Dona Miyoko é minha mãe, atualmente com 93 anos de idade. Ela estava com apenas 29 anos quando meu pai faleceu, deixando-a com quatro filhos pequenos para criar. Então a minha avó incentivou-a para abrir uma pensão, oferecendo casa e comida aos jovens de famílias japonesas que moravam no interior de São Paulo e vinham estudar na Capital.

Ela começou recebendo oito pensionistas que vieram cursar faculdade, fornecendo café da manhã, almoço ou marmita para os que ficavam fora o dia inteiro e jantar.

A pensão se localizava num prédio da rua Carlos de Souza Nazareth, no bairro do Mercado, na mesma rua onde ficava o armazém de ovos de propriedade de meu pai em sociedade com meu tio Hideo.

A comida que dona Miyoko preparava atendia tanto o gosto brasileiro como o japonês e logo ela se tornou conhecida na vizinhança. Os comerciantes do lugar pediram para servir almoço avulso também e a propaganda boca a boca fez com que o movimento aumentasse gradualmente pelo preço acessível e pela alta qualidade das refeições.

Minha mãe foi pioneira em servir almoço e jantar no sistema self-service e isso foi mais de 60 anos atrás!

Almoço e jantar no sistema self-service  

Todos os dias, tinha três tipos de arroz: shiro-gohan, abura-gohan e maze-gohan, além de misoshiru e tsukemono que são acompanhamentos indispensáveis na mesa japonesa e também o brasileiríssimo feijão, a mistura de verduras e legumes, K-Suco (que saudades!) e sobremesa, geralmente banana e laranja. O cardápio variava de acordo com o dia da semana. Assim, na segunda era bife e ovo frito; terça, dobradinha; quarta, feijoada, quinta, macarronada; sexta-feira, peixe. No sábado era um cardápio variado e domingo era especial com lasanha, bacalhau e uma sobremesa especial.
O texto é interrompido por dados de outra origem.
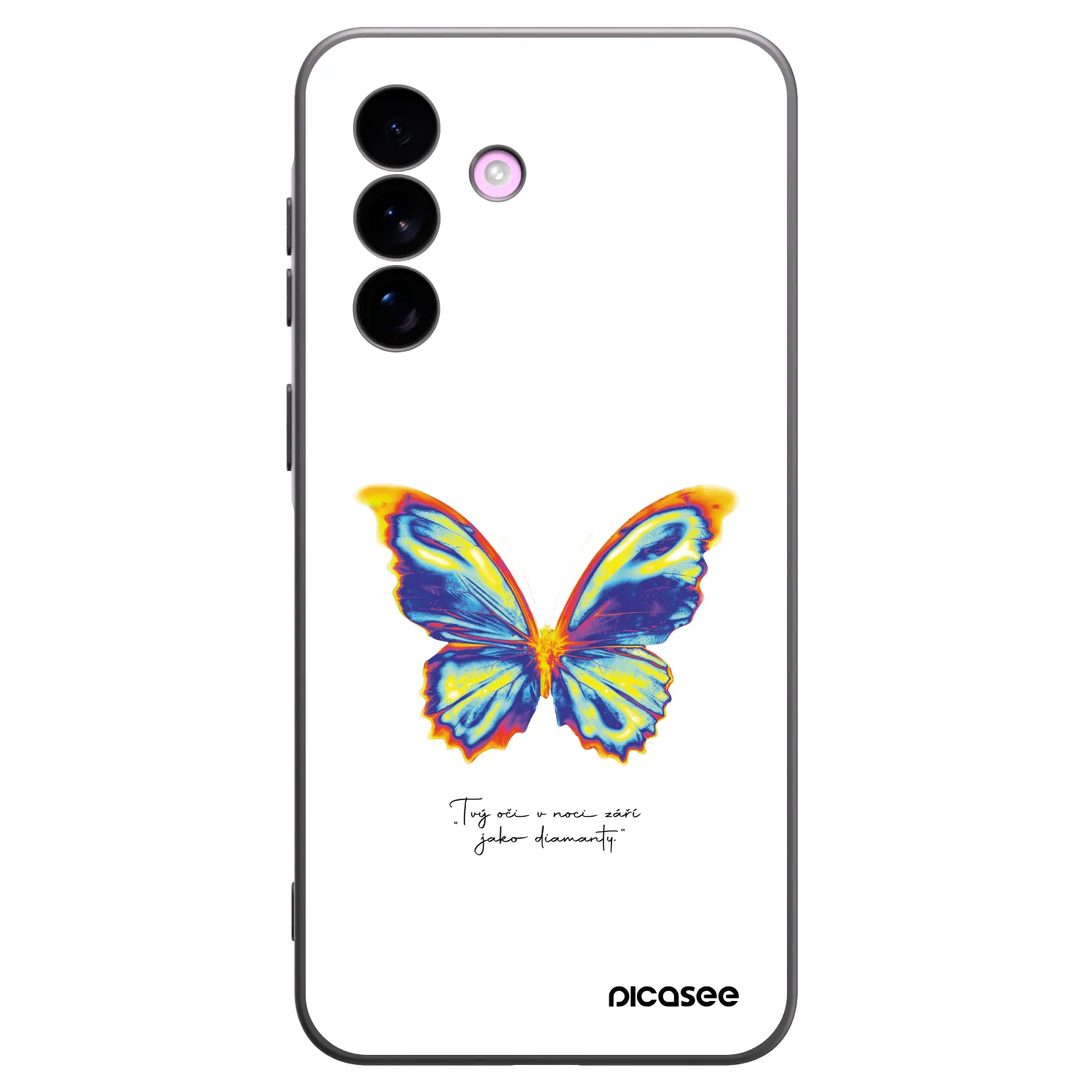 Picasee husă neagră din silicon pentru Samsung Galaxy A57 5G - Diamanty White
Como foi que a dona Miyoko aprendeu a ser boa cozinheira? Foi no Japão ou no Brasil?

Meu avô Sadakichi Kawauchi casou-se com Kuri, com quem teve quatro filhos e a família morava em Osaka. Como ele era alto funcionário da ferrovia nacional, o padrão de vida era bom e levavam uma vida confortável. A minha avó não precisava cozinhar como faziam e fazem muitas donas de casa até hoje. Preparava apenas o gohan e o misoshiru e as demais comidas comprava tudo pronto, pois Osaka naquela época já era bem desenvolvida. Mas, um dia, vieram embora para o Brasil e, como imigrantes, tiveram que trabalhar na lavoura, plantando e colhendo café e algodão no Estado de São Paulo.

 Minha avó tinha que trabalhar junto com o marido na lavoura, então, coube à menina Miyoko de apenas oito anos de idade a difícil tarefa de cozinhar para a família. Ela teve de usar de muita criatividade para preparar a comida com os poucos recursos que havia, mas fazia com gosto, lembrando-se de tudo que comia quando moravam no Japão.

Depois, foi cursar a escola para moças da professora Michie Akama, na rua Vergueiro, onde recebeu noções de arte culinária, mas eu acho que todo seu conhecimento sobre culinária se deve à prática que teve desde menina cozinhando para a família.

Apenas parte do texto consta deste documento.